Closed ZheFrench closed 6 years ago

ZheFrench commented 7 years ago

Hi folks,

Don't understand well how to use this parameter. From doc : --min_range option, to provide higher (positive values) or lower (negative values) stringency. --min_range is the minimum value any individual pair's ΔPSI can be.

So you can set up negative value. For example , min_range =-1, and so you expecting to have no filtering on PSI for replicate.

For paired comparison, setting min_range=5 and min_dPSI=20 means you filter out dpsi < 20 and psi should be > 5 at least in each replicates of your pairs ?

Thanks

mirimia commented 7 years ago

Hey,

Summarized in this way, it certainly looks confusing. I will try to improve the explanation in the README. Here it's the idea:

By using positive --min_range values, you make sure that the PSI distributions of group A and B do NOT overalap. On the contrary, use of negative --min_range allows PSI distributions to overlap. So, if, instead, group A PSI_A1=10 and PSI_A2=30, and for group B PSI_B1=20 and PSI_B2=50, the "range difference" here would 20-30 = -10.

I hope it is clearer now.

ZheFrench commented 7 years ago

For PAIRED comparisons, if I say it differently, min_range is the difference at the level of each paired replicate value whereas min_diff is the difference using the average of the replicates. So I can keep my threshold with min_diff but be less restrictive with a lower min_range for example. Your change in the doc is cleaner by the way...:)

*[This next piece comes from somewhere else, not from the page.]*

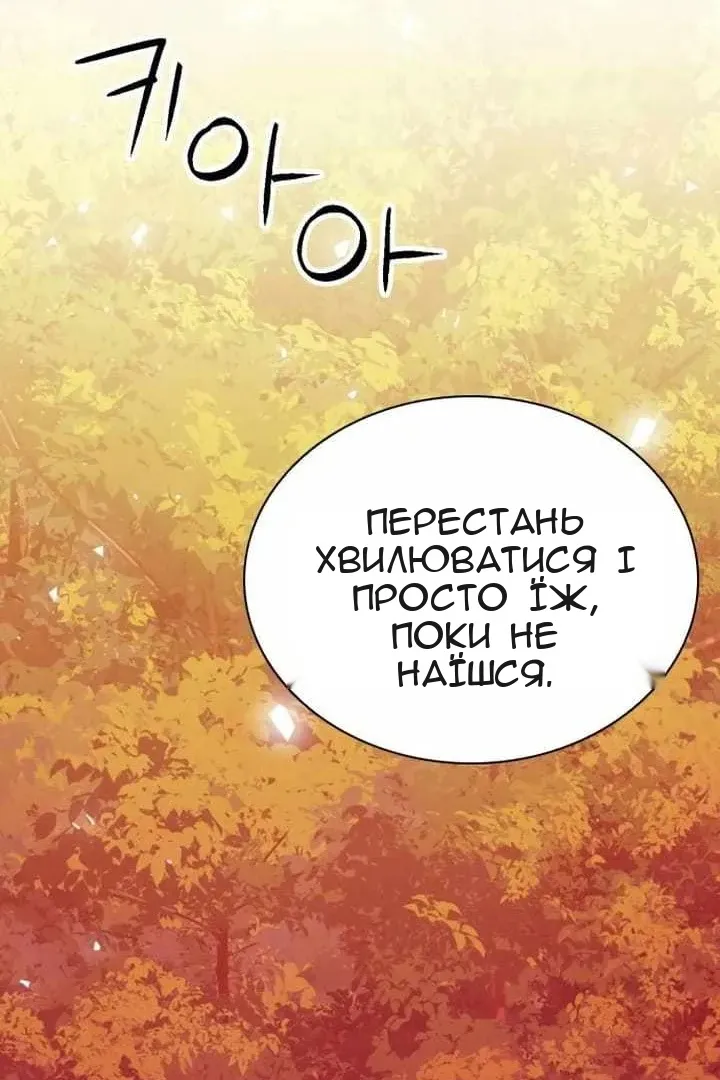Сторінка 27
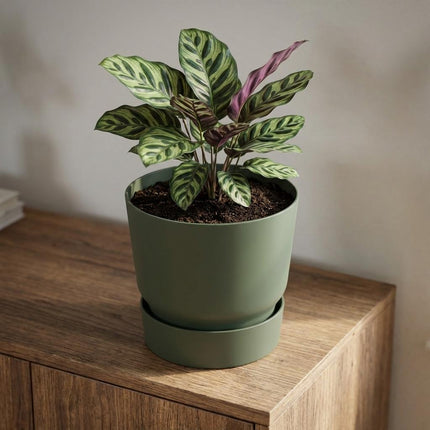 ELHO Greenville Round Leaf Green D25cm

It's better but still get confuse with positive/negative values for min range. I don't understand the concept of overlapping distribution.

_So, if, instead, group A PSI_A1=10 and PSI_A2=30, and for group B PSI_B1=20 and PSIB2=50, the "range difference" here would 20-30 = -10.

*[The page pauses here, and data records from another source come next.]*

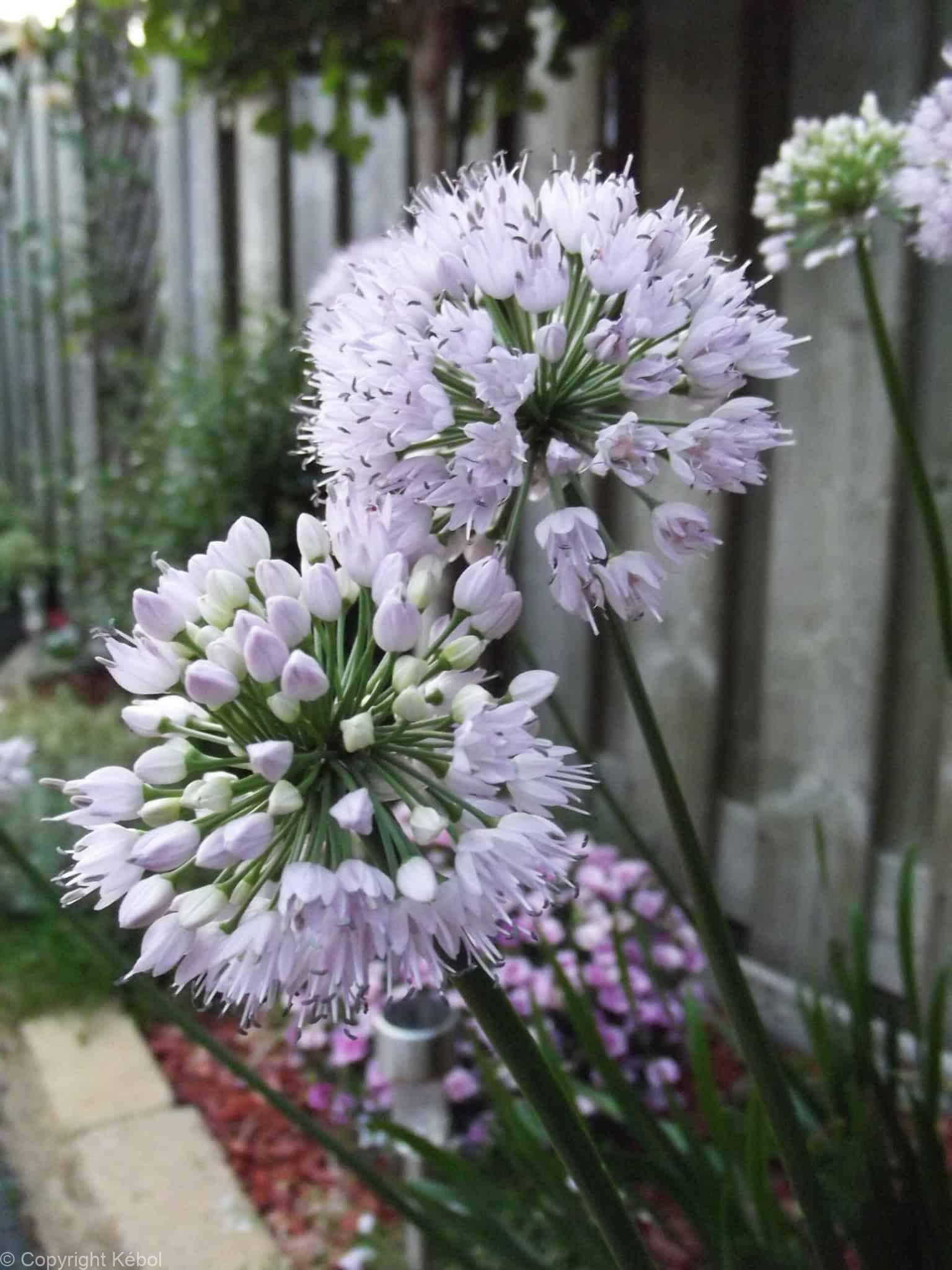 Allium Summer Beauty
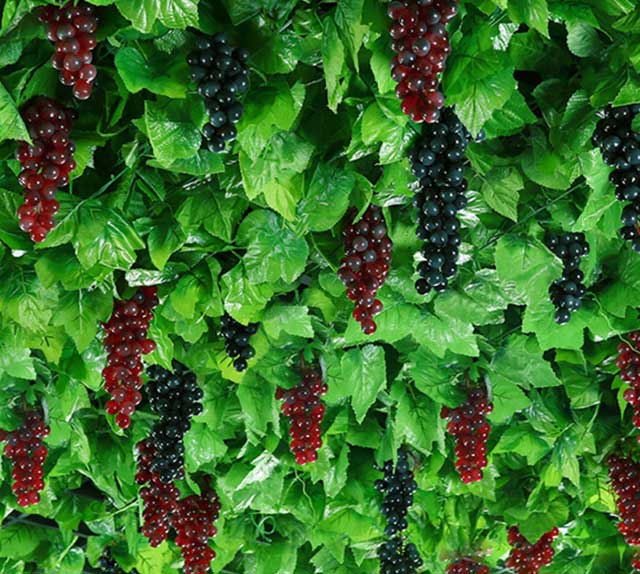 商業(yè)仿真植物裝飾 商業(yè)仿真植物裝飾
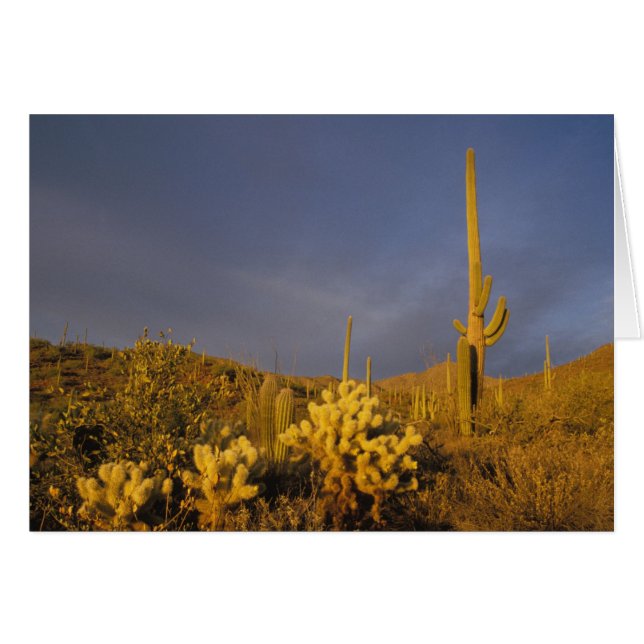 Saguaro cacti, Carnegiea gigantea und teddy (Vorderseite (Horizontal))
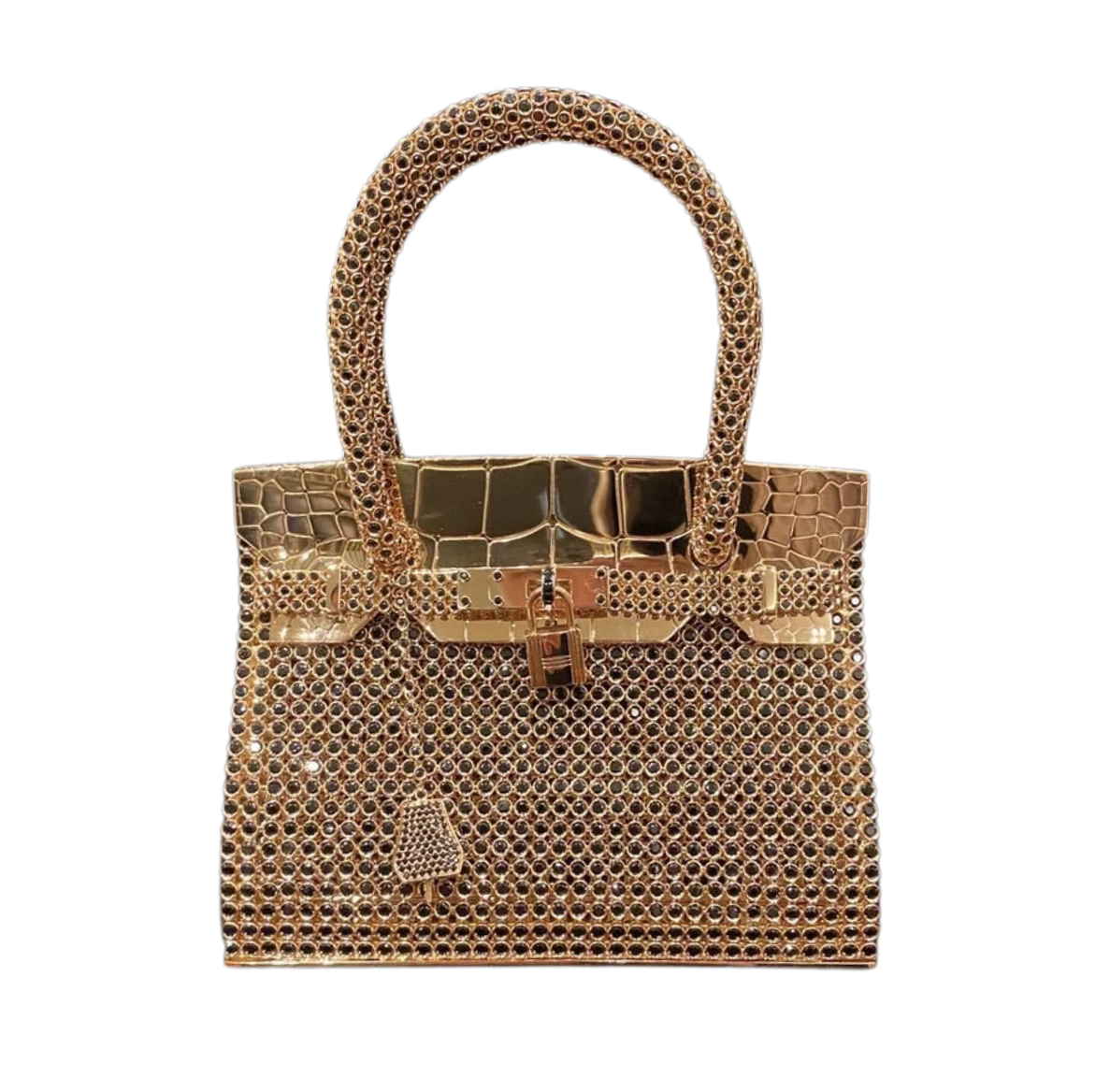 Ultra-Rare Bijou Sac Birkin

Ok so for positive it would be 30 - 20 = 10 (max in A, min in B). What's the goal /idea behind this ?

mirimia commented 7 years ago

I'm not sure I understand. Do you mean of allowing overlapping distributions? Sometimes if you have many replicates it may be wise to do it. Although if you have many replicates I'd use "regular" stats...

ZheFrench commented 7 years ago

I have 3 replicates in each condition... Humm I do not understand the sign of min_range. I think i understand that is the minimum paired dPSI Test Control Rep1 5 10 Rep2 5 7 Rep3 10 7

Here Rep2 |5-7|=2 ...if you set minrange= 1, you will filter out this event... What happen if you set -1 ?

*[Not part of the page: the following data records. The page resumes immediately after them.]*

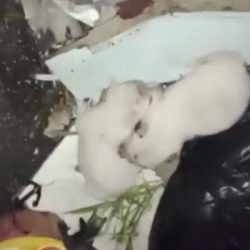 These little puppies were dumped in the wilderness and were rescued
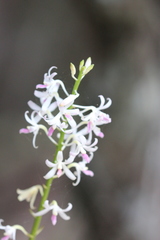Dipodium squamatum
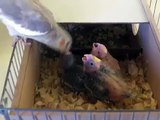 Calopsitas Wilbur e Dori alimentando seus filhotes
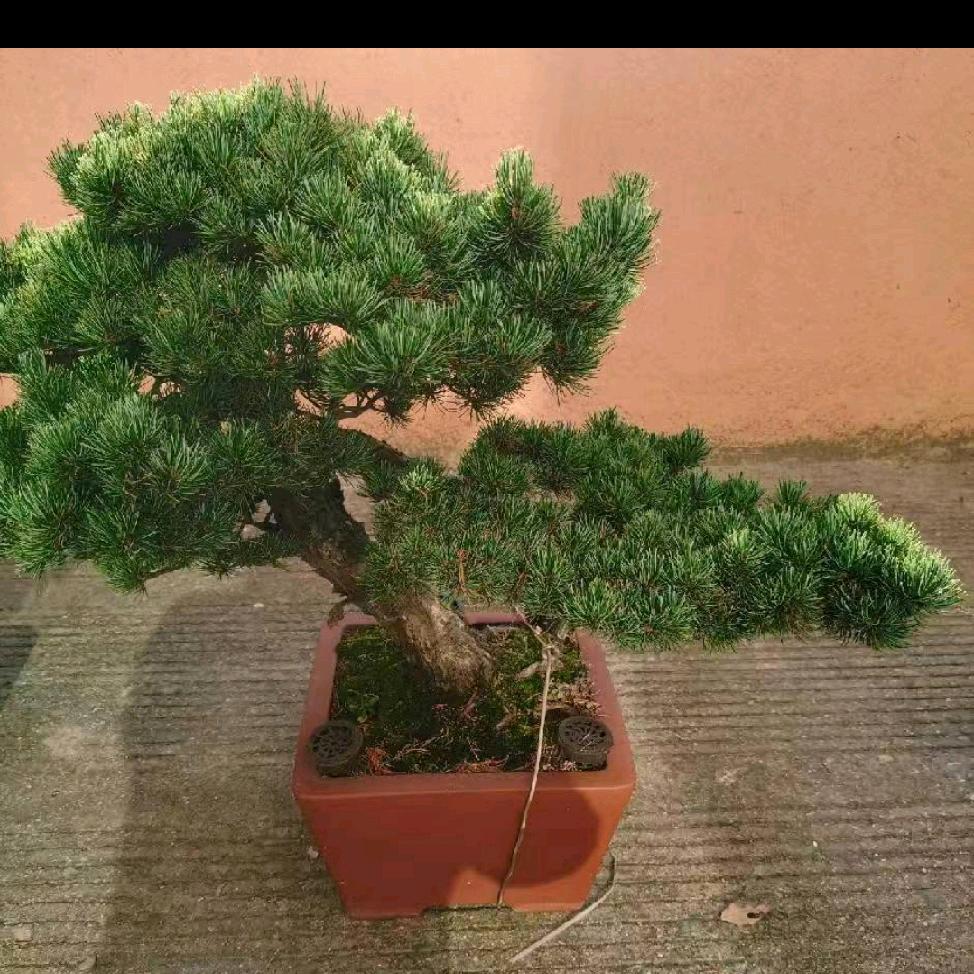 🍁亳州大哥
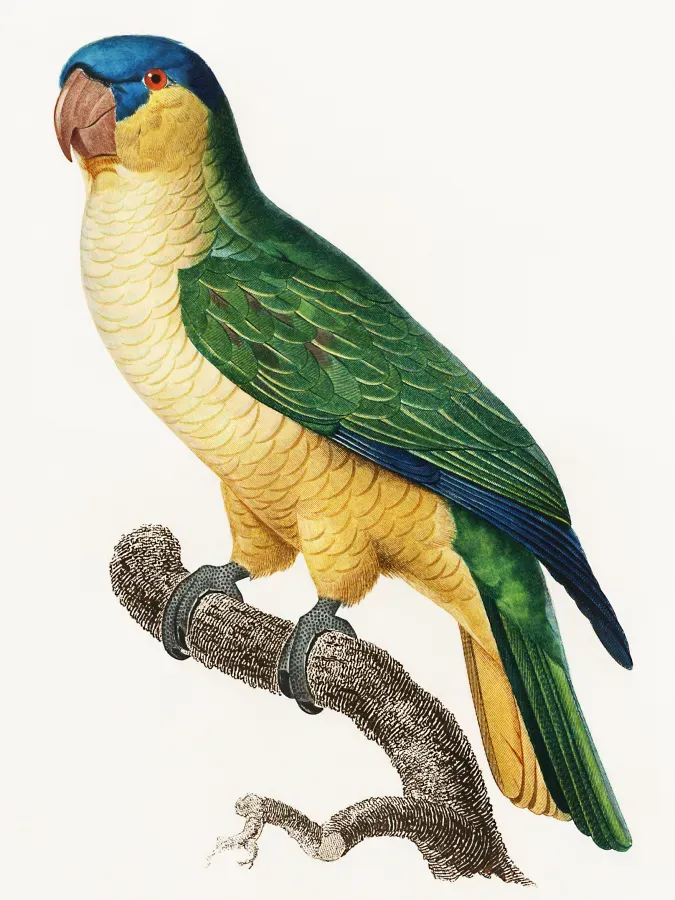 File:Tanygnathus gramineus.jpg
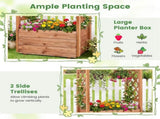 Natural Pine Wood Raised Garden Bed with Trellis & Hanging Roof, Elevated Wooden Planter Box with 62186901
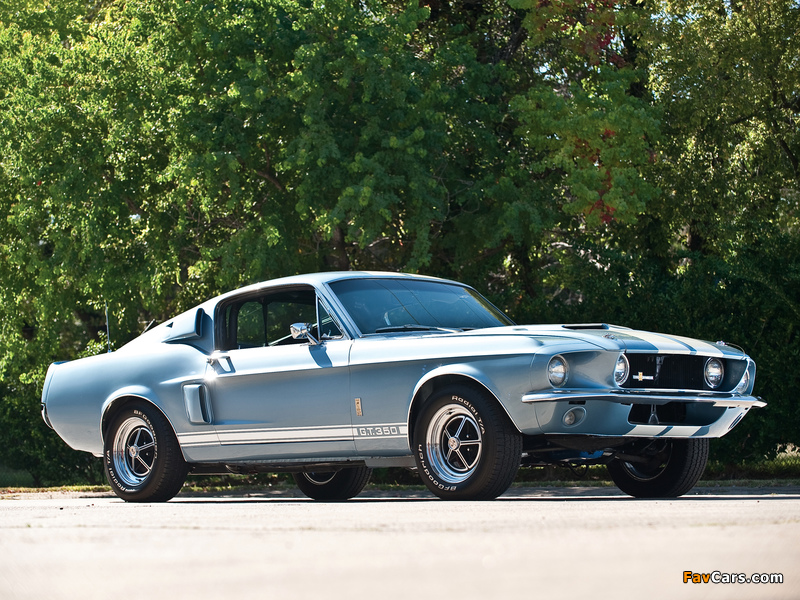 Photos of Shelby GT350 1967 (800 x 600)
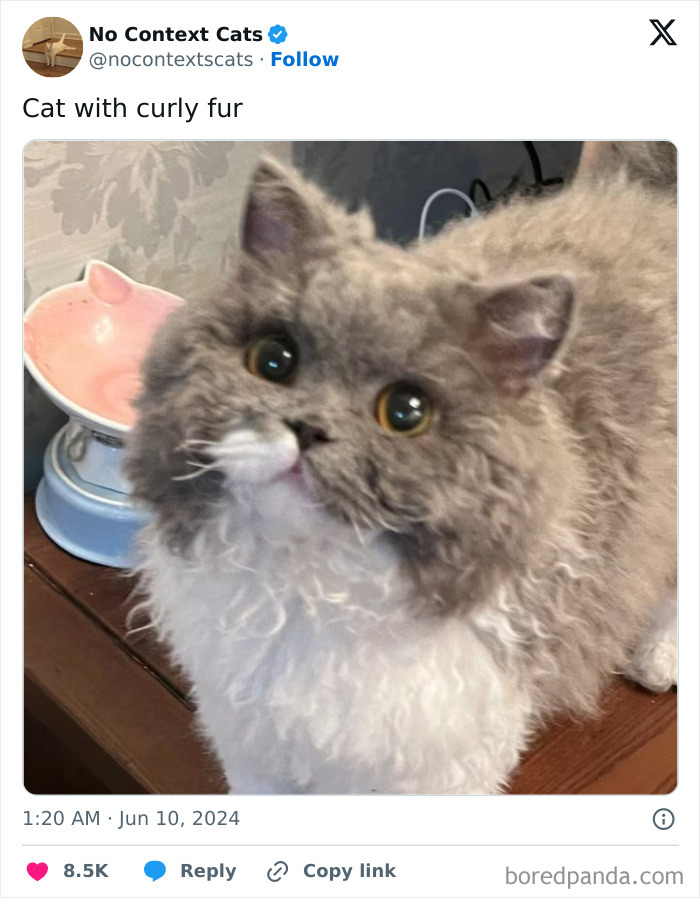 No-Context-Cats-Pictures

mirimia commented 7 years ago

Here you will have (for paired analysis):

dPSI_1 = 5-10 = -5 dPSI_2 = 5-7 = -2 dPSI_3 = 10-7 = 3

av_dPSI= (-5+-2+3)/3= -1.333

So, if you had --min_dPSI 1 --min_range 1 it won't make it, because the individual dPSIs are of different signs...

you'd need something like --min_range -3 or so. But it's obviously a case that should be filtered out! :-)